Bug #22944
openInfiniband send_msg send returned error 32: (32) Broken pipe
0%
Description
Using CentOS 7.4, Mellanox OFED 4.2 on Connect-X 3 in Infiniband mode and Ceph 12.2.2 compiled with RDMA.
I've set:
ms type = async+rdma
I've fixed systemd units to allow RDMA device usage.
But I cannot get RDMA to work. Connections time out.
I sometimes get:
Infiniband send_msg send returned error 32: (32) Broken pipe
in monitor service journal.
RDMA by itself works just fine (verified with rping).
Ceph by itself also works just fine (verified without RDMA).
This happens even on one-node cluster when trying to access it from the very same node.
Please let me know how I can get you more info to debug it.
Files
Updated by Greg Farnum about 6 years ago
The RDMA support in AsyncMessenger is experimental and I think the guys building it are planning to rip it apart. I would just use normal ethernet.
Updated by Greg Farnum about 6 years ago
- Assignee set to Haomai Wang
Haomai, can you follow up if this interests you, or else close it? :)

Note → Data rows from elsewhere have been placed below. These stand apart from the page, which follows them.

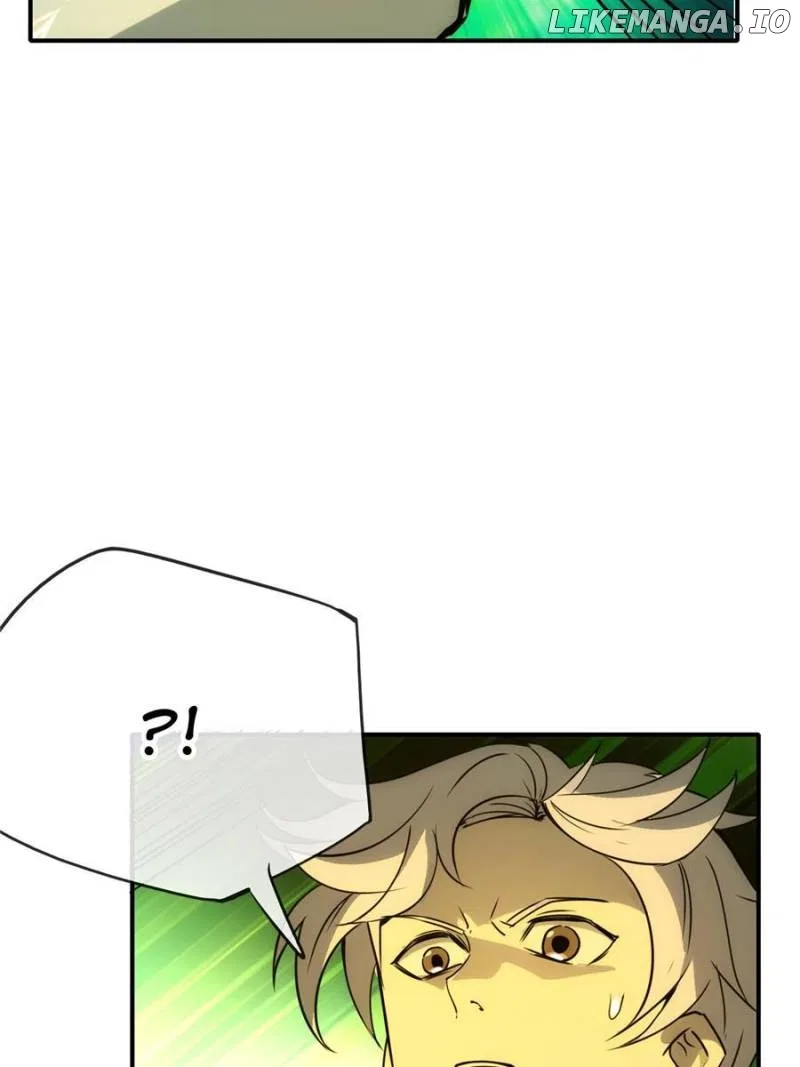 Star Gate Chapter 78 – Page 88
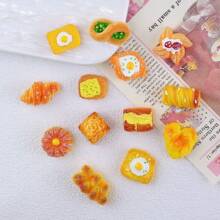 ��֬������l�ֹ�diy����Ь�������z�l�A�Ʒ���Ϻ決���cʳ��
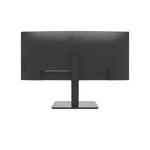 Monitor LG 34BA75QE-B 34" Wide Quad HD
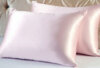 How-To-Wash-Satin-Pillowcases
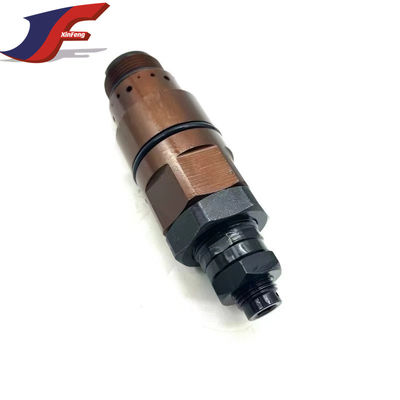 834G 836 844K 854 GVALVE GP-RELIEF 6E6138  PARTS এর জন্য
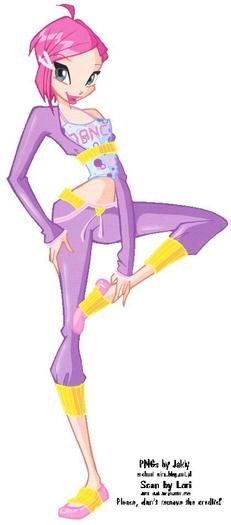 tecnaseason4%20(3)[1]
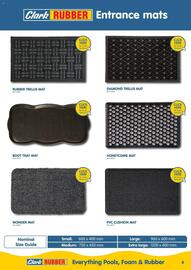 Clark Rubber catalogue week 18 Page 6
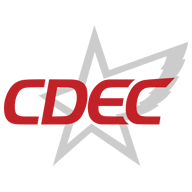 Бронзовий ступінь підтримки CDEC на зимовому турі ПС Dota 2021—2022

Updated by Haomai Wang about 6 years ago
hmm, I don't think the provided log is the reason. maybe you can set debug_ms=20/20 to output more?
Updated by Radosław Piliszek about 6 years ago
- File ceph-client.smp-016.log ceph-client.smp-016.log added
- File ceph-mon.smp-016.log ceph-mon.smp-016.log added
- File ibdump.smp-016.pcap ibdump.smp-016.pcap added
Hi Greg, Hi Haomai,
I increased debug to 20. Please find mon and client logs attached.
I also ran ibdump to discover that packets are malformed. There is no LID 4 in the fabric (used as DLID), SGID is invalid and DGID looks like repeated random sequence (also invalid). DQPN is invalid as well (it does not agree with logs). Also SL/TC look random to me but this they are valid and irrelevant when considering same node. I attach the capture. Recent Wireshark opens it just fine.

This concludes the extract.